In his Feb. 5 interview with Fox News host Bill O'Reilly, when O'Reilly referred to Putin as a "killer," Trump replied by morally equating America with Russia. These sickening comments slandering America were unprecedented for an American president and sent chills up the spines of many Republicans as well as Democrats.
In the latest revelations of what I call the Putingate scandal, we learned that Michael Flynn, Trump's former national security adviser, was forced out after only three weeks because of conversations with the Russian ambassador, whose ultimate boss is unanimously believed by our intelligence services to have engaged in covert cyber war designed to elect Trump as president.
Flynn lied about these conversations to our people, the press and Vice President Pence.

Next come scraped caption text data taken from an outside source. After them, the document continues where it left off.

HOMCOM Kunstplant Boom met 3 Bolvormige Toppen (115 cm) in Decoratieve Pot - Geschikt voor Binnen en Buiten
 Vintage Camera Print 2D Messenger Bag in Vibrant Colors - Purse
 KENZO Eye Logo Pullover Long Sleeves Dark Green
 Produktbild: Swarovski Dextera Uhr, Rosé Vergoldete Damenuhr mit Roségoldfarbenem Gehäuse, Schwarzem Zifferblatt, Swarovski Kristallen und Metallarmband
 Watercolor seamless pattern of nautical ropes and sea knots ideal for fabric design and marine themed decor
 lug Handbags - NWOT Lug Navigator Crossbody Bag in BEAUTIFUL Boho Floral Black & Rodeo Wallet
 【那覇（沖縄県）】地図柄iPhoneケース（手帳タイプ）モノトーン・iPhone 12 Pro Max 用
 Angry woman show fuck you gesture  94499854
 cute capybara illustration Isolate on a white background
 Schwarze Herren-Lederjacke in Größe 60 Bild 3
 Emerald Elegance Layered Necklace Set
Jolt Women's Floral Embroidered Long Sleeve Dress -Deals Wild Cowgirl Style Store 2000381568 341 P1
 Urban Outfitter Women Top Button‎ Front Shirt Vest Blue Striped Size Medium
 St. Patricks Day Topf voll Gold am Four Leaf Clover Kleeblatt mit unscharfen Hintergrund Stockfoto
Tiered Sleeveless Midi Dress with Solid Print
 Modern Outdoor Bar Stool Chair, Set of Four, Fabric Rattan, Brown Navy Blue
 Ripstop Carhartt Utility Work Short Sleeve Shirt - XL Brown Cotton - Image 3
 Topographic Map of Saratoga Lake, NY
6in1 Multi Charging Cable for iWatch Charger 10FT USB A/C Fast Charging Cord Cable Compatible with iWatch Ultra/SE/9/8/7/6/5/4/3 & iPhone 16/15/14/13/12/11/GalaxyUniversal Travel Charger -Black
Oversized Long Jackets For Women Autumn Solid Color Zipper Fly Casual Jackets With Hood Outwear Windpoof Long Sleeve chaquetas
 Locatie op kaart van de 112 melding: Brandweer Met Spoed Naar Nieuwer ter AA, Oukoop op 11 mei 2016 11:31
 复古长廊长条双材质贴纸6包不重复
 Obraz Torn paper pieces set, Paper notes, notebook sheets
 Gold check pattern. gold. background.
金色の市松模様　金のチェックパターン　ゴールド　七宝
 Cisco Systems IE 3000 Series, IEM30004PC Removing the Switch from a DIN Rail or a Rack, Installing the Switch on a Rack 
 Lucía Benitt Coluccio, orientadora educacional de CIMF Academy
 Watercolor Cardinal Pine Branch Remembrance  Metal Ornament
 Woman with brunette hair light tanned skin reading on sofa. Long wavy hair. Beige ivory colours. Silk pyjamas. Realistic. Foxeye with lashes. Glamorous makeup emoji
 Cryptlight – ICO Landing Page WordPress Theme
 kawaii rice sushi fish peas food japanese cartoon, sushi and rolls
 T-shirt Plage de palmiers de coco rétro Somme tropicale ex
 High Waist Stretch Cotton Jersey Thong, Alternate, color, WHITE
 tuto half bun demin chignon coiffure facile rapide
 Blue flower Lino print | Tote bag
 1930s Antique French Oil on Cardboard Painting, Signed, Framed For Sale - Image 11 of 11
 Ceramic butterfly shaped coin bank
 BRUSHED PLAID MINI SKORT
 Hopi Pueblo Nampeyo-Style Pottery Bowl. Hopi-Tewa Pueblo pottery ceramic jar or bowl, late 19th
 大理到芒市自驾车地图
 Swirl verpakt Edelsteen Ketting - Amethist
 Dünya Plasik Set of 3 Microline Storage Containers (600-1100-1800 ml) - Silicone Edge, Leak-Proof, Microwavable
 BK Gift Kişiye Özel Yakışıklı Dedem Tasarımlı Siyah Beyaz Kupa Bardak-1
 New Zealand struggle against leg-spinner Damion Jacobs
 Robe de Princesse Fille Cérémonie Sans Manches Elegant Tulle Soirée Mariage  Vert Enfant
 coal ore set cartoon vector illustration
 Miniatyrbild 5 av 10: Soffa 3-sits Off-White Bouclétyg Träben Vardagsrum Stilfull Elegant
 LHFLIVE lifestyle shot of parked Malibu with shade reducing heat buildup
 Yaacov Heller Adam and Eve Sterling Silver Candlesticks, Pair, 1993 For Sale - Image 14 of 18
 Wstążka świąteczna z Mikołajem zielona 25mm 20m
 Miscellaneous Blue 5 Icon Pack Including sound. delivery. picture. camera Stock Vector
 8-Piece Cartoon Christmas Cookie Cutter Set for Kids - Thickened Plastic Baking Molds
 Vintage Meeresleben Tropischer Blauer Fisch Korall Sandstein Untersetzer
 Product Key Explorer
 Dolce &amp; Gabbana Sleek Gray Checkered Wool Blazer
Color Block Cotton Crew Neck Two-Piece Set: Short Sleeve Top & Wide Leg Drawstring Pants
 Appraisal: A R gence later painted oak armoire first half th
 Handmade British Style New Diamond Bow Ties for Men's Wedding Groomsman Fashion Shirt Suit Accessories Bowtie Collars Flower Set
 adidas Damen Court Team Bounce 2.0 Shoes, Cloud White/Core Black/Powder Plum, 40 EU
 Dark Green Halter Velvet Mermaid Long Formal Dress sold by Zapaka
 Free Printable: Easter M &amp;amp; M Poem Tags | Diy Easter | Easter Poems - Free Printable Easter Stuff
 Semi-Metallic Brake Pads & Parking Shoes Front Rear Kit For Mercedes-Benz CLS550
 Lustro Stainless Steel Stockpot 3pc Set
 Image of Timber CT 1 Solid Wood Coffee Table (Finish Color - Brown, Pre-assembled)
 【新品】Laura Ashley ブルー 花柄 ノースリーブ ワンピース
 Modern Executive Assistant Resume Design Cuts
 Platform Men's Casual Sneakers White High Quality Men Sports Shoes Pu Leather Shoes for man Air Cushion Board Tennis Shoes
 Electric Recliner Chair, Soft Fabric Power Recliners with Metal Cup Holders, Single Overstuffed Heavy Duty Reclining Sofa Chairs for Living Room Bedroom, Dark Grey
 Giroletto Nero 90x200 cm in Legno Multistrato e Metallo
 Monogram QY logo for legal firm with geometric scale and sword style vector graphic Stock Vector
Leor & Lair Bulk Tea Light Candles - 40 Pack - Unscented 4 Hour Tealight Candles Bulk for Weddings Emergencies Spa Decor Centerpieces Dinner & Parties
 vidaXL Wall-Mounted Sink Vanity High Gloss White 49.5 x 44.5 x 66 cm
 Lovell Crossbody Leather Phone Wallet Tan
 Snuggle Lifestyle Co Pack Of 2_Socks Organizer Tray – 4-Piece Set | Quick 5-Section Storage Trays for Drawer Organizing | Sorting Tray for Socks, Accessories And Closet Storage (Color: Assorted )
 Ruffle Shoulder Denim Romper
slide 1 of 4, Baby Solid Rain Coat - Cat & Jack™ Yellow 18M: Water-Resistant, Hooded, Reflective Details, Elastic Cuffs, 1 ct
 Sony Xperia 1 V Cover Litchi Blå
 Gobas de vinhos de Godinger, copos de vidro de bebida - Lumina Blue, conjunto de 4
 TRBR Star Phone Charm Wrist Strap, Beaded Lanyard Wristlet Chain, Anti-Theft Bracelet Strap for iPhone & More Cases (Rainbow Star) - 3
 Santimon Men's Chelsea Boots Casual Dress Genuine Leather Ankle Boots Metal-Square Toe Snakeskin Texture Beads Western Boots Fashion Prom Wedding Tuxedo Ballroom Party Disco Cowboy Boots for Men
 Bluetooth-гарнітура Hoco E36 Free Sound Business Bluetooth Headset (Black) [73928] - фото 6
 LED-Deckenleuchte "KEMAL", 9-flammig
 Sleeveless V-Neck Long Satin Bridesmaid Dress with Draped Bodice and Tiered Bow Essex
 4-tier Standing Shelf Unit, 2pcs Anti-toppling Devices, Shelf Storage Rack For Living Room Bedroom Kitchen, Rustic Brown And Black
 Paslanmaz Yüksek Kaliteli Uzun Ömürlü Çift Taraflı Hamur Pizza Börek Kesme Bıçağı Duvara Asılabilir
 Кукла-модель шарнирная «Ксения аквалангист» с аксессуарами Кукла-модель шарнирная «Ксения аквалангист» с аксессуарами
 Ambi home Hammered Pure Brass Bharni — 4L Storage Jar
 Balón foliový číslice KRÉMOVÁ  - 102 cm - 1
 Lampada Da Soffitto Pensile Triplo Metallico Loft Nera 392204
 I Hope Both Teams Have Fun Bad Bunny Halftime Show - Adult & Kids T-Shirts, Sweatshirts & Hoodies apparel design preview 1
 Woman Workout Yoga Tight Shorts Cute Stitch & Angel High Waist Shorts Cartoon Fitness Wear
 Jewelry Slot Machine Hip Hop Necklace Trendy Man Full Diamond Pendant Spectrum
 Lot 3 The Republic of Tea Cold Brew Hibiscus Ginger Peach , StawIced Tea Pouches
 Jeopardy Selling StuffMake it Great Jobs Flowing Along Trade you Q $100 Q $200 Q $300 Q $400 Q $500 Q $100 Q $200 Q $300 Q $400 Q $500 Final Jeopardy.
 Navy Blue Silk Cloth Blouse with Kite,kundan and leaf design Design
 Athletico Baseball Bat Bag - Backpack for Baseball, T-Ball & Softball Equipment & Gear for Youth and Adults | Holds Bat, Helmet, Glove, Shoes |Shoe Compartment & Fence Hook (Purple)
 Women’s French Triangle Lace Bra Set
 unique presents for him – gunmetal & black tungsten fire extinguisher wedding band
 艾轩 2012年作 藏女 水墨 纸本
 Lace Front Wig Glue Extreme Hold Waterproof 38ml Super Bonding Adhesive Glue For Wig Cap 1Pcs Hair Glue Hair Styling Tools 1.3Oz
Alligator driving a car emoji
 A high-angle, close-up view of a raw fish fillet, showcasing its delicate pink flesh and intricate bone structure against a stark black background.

The vice president was so far outside the inner loop of the Trump White House that he was not told for two weeks by the president or his staff that Justice Department and intelligence service leaders were so alarmed they warned the White House that Trump's then-chief of the National Security Council could be blackmailed by the Russian dictator.
The Putingate scandal is eerily similar to the Watergate scandal. Both cases involve breaking and entering into internal Democratic Party operations for the purpose of electing a Republican president. Both cases involve criminal acts with political motives followed by false denials. Both cases involve attacks against the free press for publishing information that the public has a right and need to know.
Both Putingate and Watergate involve a White House that is contemptuous of the federal judiciary that is a bulwark against authoritarian leaders who are tempted to believe they are above the law. Both involve presidents who at times treated our intelligence services like political enemies rather than guardians of democracy against adversaries who threaten our freedom.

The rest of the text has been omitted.